Prompt: Beneath this line are the data; copy exactly the part of them that opens with the line containing "Infinite Level Up" and closes with the line containing "Peugeot 208 (2019)", and only that part.

Extracted records:
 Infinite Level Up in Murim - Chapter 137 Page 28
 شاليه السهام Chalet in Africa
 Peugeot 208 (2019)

---

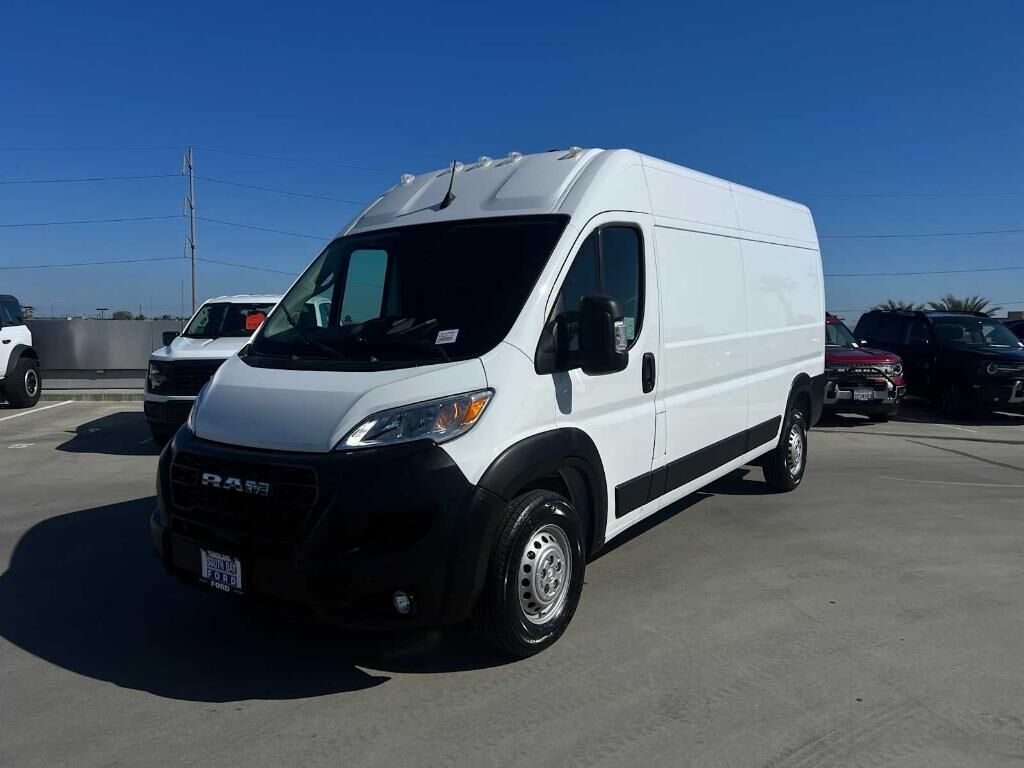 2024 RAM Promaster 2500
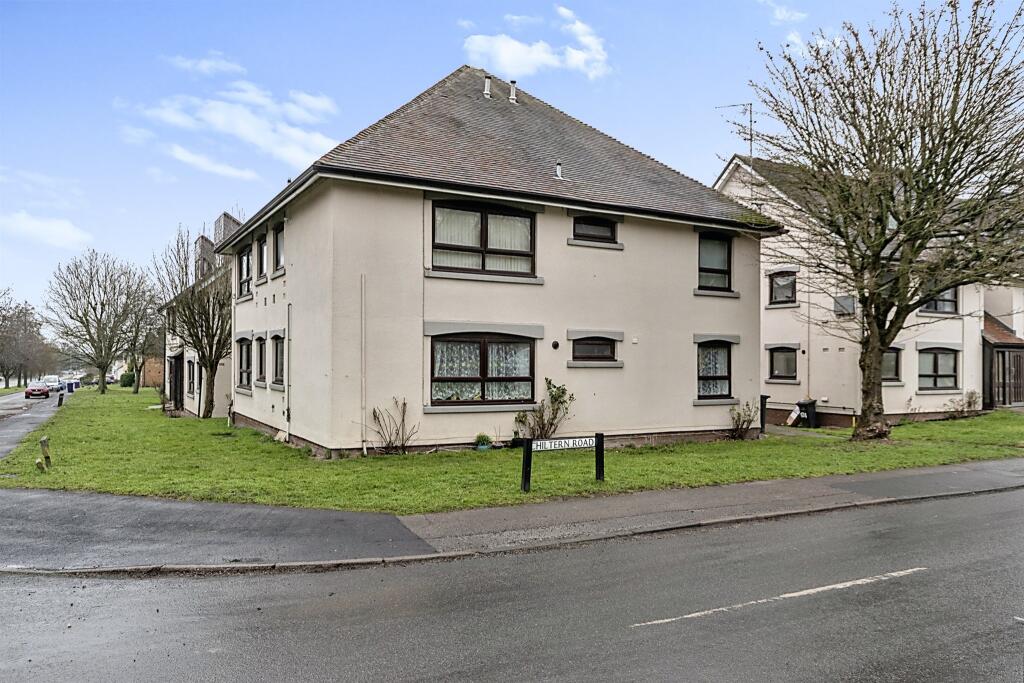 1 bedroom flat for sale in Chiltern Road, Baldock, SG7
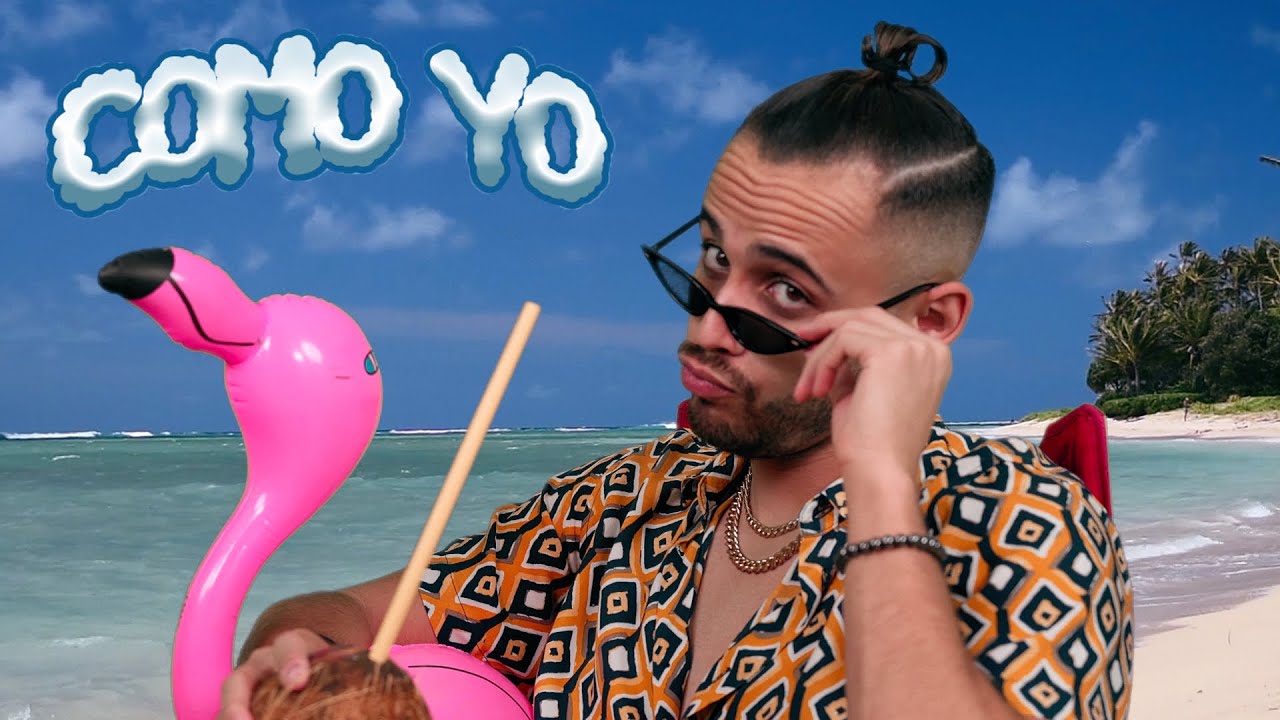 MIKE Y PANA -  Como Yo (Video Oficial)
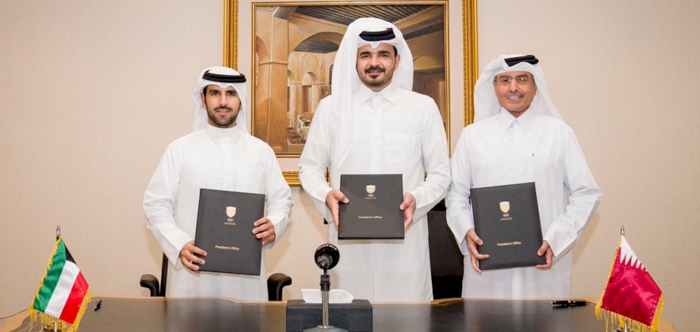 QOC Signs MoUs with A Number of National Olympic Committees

Answer box:
 Infinite Level Up in Murim - Chapter 137 Page 28
 شاليه السهام Chalet in Africa
 Peugeot 208 (2019)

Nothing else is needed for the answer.